Dated this 31st day of October, 1984″.
Order of court
“It is ordered
- that the parties to this appeal having settled the matter in dispute out of court, and filed terms of settlement in this court, the judgment of the Court of Appeal be set aside;
- that in its stead, judgment be entered for the appellants in terms of the settlement filed to wit;
- that there be an injunction restraining the defendants/respondents, their agents and assigns from destroying economic trees or damaging crops or removing sand, gravel and stones and from erecting new buildings outside the compounds occupied by them on the land in dispute verged pink in exhibit “A” plan no MEC/18/97 and;
- that there be no order as to costs”.
Thereafter there was an alleged disobedience of the order by the appellants. As a result, the respondents filed an application for contempt proceedings against the appellants. With the assistance of the chief registrar of the High Court Orlu, the respondents issued form 48 titled “Notice of consequences of disobedience to order of court” to the first five (5) appellants who, originally represented the Emehaba family in the suit no. HOR/8/74 and 20 other persons who are members of the Emehaba family but were not named as defendants in the said suit. Later, all the appellants were also served with form 49 without any orders of the trial court.

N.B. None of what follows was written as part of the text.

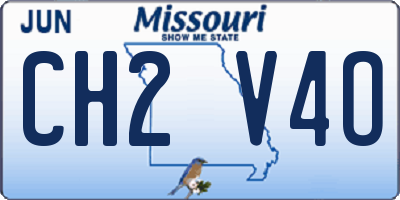 MO license plate CH2V4O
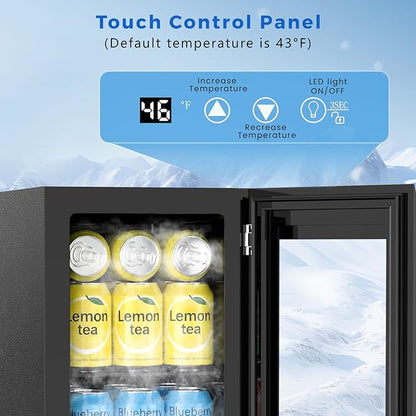 COWSAR Commercial Beverage Refrigerator 24-Can Mini Fridge, Countertop Wine Cooler Small Adjustable Digital Thermostat, LED Light, Freestanding Countertop Drink Refrigerator for Home, Bar & Office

The application then came up for hearing before the trial court and all the appellants served with forms 48 and 49 took preliminary objection as to the competence of the committal proceedings. The learned trial Judge, after hearing the parties on the objection ruled that the application was competent and ordered that it be heard on its merits. These briefly are the facts involved.
The appellants identified in their joint brief the following as the issues for determination in this appeal. They are:-
- Whether the Court of Appeal was right in holding that the Supreme Court had by its decision in Osayande Uhunnwangho v. P.I. Okojie & another (1989) 5 NWLR (Pt. 122) 471 changed the law as to the enforcement of mandatory and restrictive injunctions and in failing to apply the said decision to the present matter so as to hold that foreign rules of court were not applicable to this matter
- Whether the Court of Appeal was right in holding that order 42 rule 7 of the rules of the Supreme Court of England 1956 was applicable to the application for committal before the trial court in this matter by virtue of section 16 of the High Court Law of Eastern Nigeria, 1963 and in ordering the remittal of the application for the trial court of hearing on the merits under the said foreign court rules
- Whether the Court of Appeal was right in holding that the leave of the trial court was not required before commencing committal proceedings against the 5th-24th appellants who were not named defendants in suit no. HOR/8/74
- Whether the Court of Appeal was right in holding that the appellants abandoned their ground of objection in the trial court and raised new issues before it”.
The respondents in their joint brief also adopted the issues identified by the appellants as those arising for determination in this appeal.